Today (if you're reading this piece on the day it was published) is more or less the final day of college football's regular season (excepting next week's Army-Navy game), and so it is also in this issue of TV Guide, with Penn State-Maryland bringing down the curtain. Each team is 4-5, meaning neither will go on to the bowl season, which starts the following Saturday with the Tangerine Bowl. There are no conference playoffs in 1965; in fact, many of the biggest schools belong to no conference at all. Competition is intense, as only 18 teams will be invited to the nine bowl games. The games themselves are still transitioning from being merely exhibitions; while UPI still chooses its national champion at the end of the regular season, the AP has recently moved their final poll to after the bowls.*
*Michigan State, #1 at the end of the season, will lose to UCLA in the Rose Bowl, justifying AP's decision to wait after the bowls, when they select Alabama.
It's also nearing the end of the pro season, and the networks are ramping up their coverage; NBC follows the Penn State-Maryland game with a Saturday AFL special featuring the New York Jets and the Chargers in San Diego; Sunday's NFL doubleheader on CBS has the Vikings and Packers followed by the Lions and 49ers, while the AFL on NBC continues with the Bills and Oilers in Houston.
Speaking of which, For the Record notes that the NFL is on the verge of a record-breaking contract with CBS, one that will pay the league $75 million for four years, an increase of over $20 million from the previous contract. This breaks the record set by the AFL's $36 million five-year contract with NBC. By contrast, today's NFL TV rights are somewhere north of $6 billion a year.

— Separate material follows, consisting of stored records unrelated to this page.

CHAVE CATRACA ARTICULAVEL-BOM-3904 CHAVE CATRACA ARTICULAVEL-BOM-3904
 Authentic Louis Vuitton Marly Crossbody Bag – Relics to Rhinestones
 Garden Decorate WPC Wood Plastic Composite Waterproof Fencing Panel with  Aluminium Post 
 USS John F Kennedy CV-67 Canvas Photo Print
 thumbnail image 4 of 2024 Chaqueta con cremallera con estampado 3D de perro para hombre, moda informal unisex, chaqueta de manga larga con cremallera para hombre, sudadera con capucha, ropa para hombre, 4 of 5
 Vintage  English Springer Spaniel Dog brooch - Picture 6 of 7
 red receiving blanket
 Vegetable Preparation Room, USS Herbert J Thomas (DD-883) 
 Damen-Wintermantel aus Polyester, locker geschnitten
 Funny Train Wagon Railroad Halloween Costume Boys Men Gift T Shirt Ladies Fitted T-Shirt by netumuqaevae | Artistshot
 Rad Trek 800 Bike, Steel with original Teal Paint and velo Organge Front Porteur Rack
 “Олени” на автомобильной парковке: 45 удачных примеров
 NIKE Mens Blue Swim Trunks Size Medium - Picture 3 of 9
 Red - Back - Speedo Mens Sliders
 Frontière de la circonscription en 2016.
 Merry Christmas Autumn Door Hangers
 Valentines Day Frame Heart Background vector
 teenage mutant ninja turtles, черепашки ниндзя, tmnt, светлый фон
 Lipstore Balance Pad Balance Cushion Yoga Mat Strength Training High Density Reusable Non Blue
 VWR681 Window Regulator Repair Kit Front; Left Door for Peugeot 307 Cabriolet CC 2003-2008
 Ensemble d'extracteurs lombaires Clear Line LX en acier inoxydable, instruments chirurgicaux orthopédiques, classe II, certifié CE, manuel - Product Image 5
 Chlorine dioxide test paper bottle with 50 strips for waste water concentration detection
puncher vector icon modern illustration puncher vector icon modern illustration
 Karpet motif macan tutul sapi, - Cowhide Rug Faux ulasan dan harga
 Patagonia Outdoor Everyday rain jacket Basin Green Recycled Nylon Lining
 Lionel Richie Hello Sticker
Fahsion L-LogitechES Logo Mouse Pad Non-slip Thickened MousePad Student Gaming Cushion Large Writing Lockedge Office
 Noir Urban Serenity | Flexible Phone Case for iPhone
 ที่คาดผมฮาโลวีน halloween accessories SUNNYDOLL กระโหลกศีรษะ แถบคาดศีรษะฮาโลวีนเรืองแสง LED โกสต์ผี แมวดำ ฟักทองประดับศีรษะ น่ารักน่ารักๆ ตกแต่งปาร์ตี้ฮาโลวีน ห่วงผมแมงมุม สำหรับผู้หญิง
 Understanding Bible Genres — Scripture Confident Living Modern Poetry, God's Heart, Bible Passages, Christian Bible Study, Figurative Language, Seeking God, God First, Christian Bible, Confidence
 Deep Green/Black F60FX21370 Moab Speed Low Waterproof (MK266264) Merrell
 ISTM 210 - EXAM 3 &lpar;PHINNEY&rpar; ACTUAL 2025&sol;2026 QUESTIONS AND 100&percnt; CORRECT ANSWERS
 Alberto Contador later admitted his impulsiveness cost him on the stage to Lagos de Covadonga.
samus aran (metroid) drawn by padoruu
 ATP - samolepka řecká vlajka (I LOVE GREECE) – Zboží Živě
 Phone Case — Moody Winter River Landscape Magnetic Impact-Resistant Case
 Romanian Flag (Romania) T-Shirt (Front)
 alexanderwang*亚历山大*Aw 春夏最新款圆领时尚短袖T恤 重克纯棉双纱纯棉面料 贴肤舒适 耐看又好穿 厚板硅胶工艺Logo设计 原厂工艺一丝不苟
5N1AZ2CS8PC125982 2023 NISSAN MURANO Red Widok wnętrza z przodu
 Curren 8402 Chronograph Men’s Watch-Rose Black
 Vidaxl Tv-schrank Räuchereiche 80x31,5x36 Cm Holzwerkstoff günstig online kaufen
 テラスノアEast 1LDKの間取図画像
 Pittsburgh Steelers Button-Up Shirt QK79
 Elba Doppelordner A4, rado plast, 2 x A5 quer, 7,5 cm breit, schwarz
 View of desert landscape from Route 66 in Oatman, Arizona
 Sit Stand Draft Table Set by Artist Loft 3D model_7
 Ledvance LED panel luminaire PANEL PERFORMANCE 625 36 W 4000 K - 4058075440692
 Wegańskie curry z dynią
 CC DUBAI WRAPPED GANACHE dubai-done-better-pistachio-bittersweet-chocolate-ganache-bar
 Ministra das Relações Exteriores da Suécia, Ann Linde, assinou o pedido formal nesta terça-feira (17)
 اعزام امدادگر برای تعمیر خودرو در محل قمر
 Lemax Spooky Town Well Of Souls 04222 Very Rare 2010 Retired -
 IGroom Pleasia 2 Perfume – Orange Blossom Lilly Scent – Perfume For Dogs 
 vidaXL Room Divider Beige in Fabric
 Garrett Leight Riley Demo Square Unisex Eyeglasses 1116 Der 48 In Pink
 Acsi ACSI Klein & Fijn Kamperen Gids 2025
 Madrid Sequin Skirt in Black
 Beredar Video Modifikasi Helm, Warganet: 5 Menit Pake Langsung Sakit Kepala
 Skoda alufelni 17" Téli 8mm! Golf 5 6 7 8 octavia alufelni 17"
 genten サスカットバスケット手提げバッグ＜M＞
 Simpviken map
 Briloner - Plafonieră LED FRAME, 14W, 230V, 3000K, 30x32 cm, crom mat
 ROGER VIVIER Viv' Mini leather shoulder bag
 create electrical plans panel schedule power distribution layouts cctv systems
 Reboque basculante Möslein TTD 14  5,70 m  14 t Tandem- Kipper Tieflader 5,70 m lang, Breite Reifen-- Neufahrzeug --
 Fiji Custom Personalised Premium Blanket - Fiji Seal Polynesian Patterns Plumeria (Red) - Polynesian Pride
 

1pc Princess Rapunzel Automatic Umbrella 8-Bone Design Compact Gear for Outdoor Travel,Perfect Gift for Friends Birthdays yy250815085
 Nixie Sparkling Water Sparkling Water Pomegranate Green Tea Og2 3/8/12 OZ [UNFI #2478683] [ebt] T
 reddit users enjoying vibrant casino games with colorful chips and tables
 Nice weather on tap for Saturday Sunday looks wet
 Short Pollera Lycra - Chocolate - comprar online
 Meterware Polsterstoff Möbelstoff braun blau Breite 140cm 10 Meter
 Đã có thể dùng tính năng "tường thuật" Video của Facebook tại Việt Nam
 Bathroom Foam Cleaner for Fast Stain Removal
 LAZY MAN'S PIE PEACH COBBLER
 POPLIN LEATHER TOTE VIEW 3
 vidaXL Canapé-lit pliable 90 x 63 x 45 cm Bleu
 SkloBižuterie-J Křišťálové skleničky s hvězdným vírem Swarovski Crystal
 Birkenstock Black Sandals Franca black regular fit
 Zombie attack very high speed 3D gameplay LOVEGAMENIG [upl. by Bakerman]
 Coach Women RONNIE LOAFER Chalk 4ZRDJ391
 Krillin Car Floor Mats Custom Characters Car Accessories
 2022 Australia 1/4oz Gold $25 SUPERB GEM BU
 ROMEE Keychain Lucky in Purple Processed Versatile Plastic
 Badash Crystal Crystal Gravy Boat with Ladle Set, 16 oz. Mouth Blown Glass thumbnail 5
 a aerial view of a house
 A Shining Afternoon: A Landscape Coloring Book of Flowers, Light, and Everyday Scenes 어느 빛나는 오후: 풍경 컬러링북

I've written here about this week's cover story - no, not Juliet Prowse, but historian Arnold Toynbee's "Television: The Lion That Squeaks," and since that's an article in itself, I won't copy it here, but take a moment to check it out. Hard to believe, considering the fanmag TV Guide has turned into, that serious, intellectual articles such as this used to be published in it.
And as for the leggy Miss Prowse, survivor of a broken engagement to Frank Sinatra, niightclub singer and dancer and current star of the sitcom Mona McCluskey, this is her second appearance on the cover of TV Guide in a little less than a year, the previous one having been in December 1964. Alas for her, the show - which tells the story of an entertainer married to an Air Force sergeant, wouldn't even have spanned that length of time: premiered September 1965, cancelled April 1966.